In response to:
Eugenics, Anyone? from the October 23, 1997 issue
Eugenics, Anyone? from the October 23, 1997 issue
To the Editors:
Eugenic programs, as William Pfaff, in his article “Eugenics, Anyone?” [NYR, October 23, 1997], reminds us, have been prevalent in many “progressive” Western societies as late as the 1970s. Eugenics, the theory and practice aimed at improving or at least checking and slowing down the degeneration of humankind, is founded on convictions of differential biological qualities of various human groups or populations. But not every claim for racial or social discrimination can be counted as eugenics.

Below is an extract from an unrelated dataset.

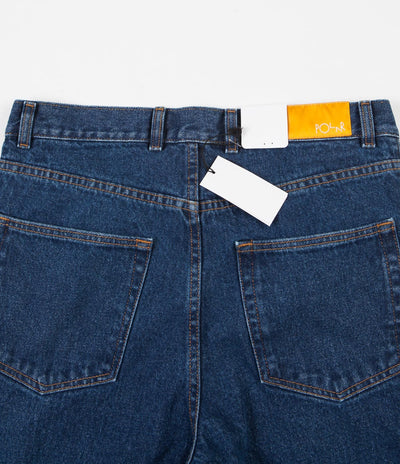 Polar 90's Jeans - Dark Blue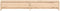 vidaXL - Monitorstandaard - 100x27x15 - cm - massief - grenenhout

Pfaff grossly misses the “lessons” that he wishes us to learn from the history of eugenics by the cases he presents. Drafting American blacks into segregated army units, even if rationalized on the basis of their alleged biological properties, can hardly be considered a eugenic act. He is doing even worse with the story that “It was revealed that hundreds of children of immigrant Yemeni Jews were literally stolen from their Arabic-speaking parents for adoption by families of European Jewish origin, in an attempt to meld the Yemenis into what then was the European mainstream.” Even if true, this allegation of stealing for adoption children of a presumably genetic inferior community can hardly be counted as a eugenic act. If anything, it would rather have been an ANTI-eugenic act, since it was predicated on a belief in the ameliorating effect of a new environment. The disturbing aspect is, however, that by such a claim Pfaff provides new impetus to a campaign of a small militant group that has utilized the tragedy of unhappy families for promoting their conviction of alleged premeditated socioethnic discrimination, a campaign that has recently expanded into the political arena. I risk saying that Pfaff supports, in this uncritical description, the build-up of a real blood-libel.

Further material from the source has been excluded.